Today we're going to encounter continuations.  We're going to come at
them from three different directions, and each time we're going to end
up at the same place: a particular monad, which we'll call the
continuation monad.

The three approches are:

*    Rethinking the list monad;
*    Montague's PTQ treatment of DPs as generalized quantifiers; and
*    Refunctionalizing zippers (Shan: zippers are defunctionalized continuations);

Rethinking the list monad
-------------------------

To construct a monad, the key element is to settle on a type
constructor, and the monad naturally follows from that.  I'll remind
you of some examples of how monads follow from the type constructor in
a moment.  This will involve some review of familair material, but
it's worth doing for two reasons: it will set up a pattern for the new
discussion further below, and it will tie together some previously
unconnected elements of the course (more specifically, version 3 lists
and monads).

For instance, take the **Reader Monad**.  Once we decide that the type
constructor is

    type 'a reader = fun e:env -> 'a

then we can deduce the unit and the bind:

    runit x:'a -> 'a reader = fun (e:env) -> x

Since the type of an `'a reader` is `fun e:env -> 'a` (by definition),
the type of the `runit` function is `'a -> e:env -> 'a`, which is a
specific case of the type of the *K* combinator.  So it makes sense
that *K* is the unit for the reader monad.
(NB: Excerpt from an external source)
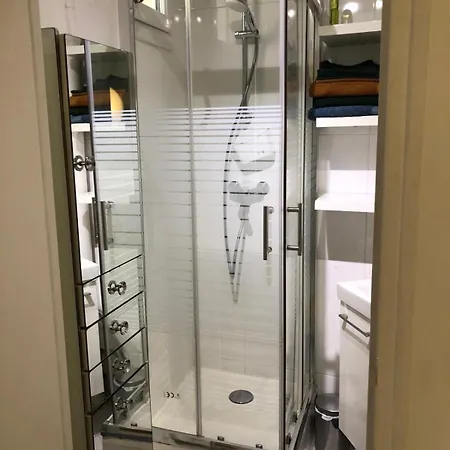 Charmante Escapade Au Coeur Des Batignolles Appartement Parijs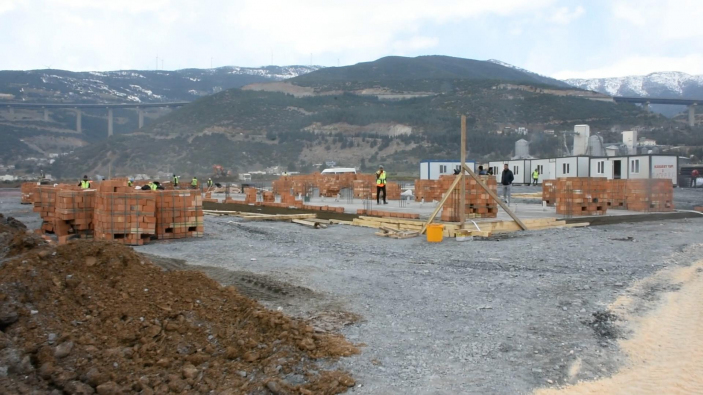 Nurdağı ve İslahiye ilçelerinde geçici barınma alanlarının çalışmalarına başlandı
Since the type of the `bind` operator is required to be

    r_bind:('a reader) -> ('a -> 'b reader) -> ('b reader)

We can deduce the correct `bind` function as follows:

    r_bind (u:'a reader) (f:'a -> 'b reader):('b reader) =

We have to open up the `u` box and get out the `'a` object in order to
feed it to `f`.  Since `u` is a function from environments to
objects of type `'a`, we'll have

         .... f (u e) ...

This subexpression types to `'b reader`, which is good.  The only
problem is that we don't have an `e`, so we have to abstract over that
variable:

         fun e -> f (u e) ...

This types to `env -> 'b reader`, but we want to end up with `env ->
'b`.  The easiest way to turn a 'b reader into a 'b is to apply it to
an environment.  So we end up as follows:

    r_bind (u:'a reader) (f:'a -> 'b reader):('b reader) = f (u e) e         

And we're done.

The **State Monad** is similar.  We somehow intuit that we want to use
the following type constructor:

    type 'a state = 'store -> ('a, 'store)

So our unit is naturally

    let s_unit (x:'a):('a state) = fun (s:'store) -> (x, s)

And we deduce the bind in a way similar to the reasoning given above.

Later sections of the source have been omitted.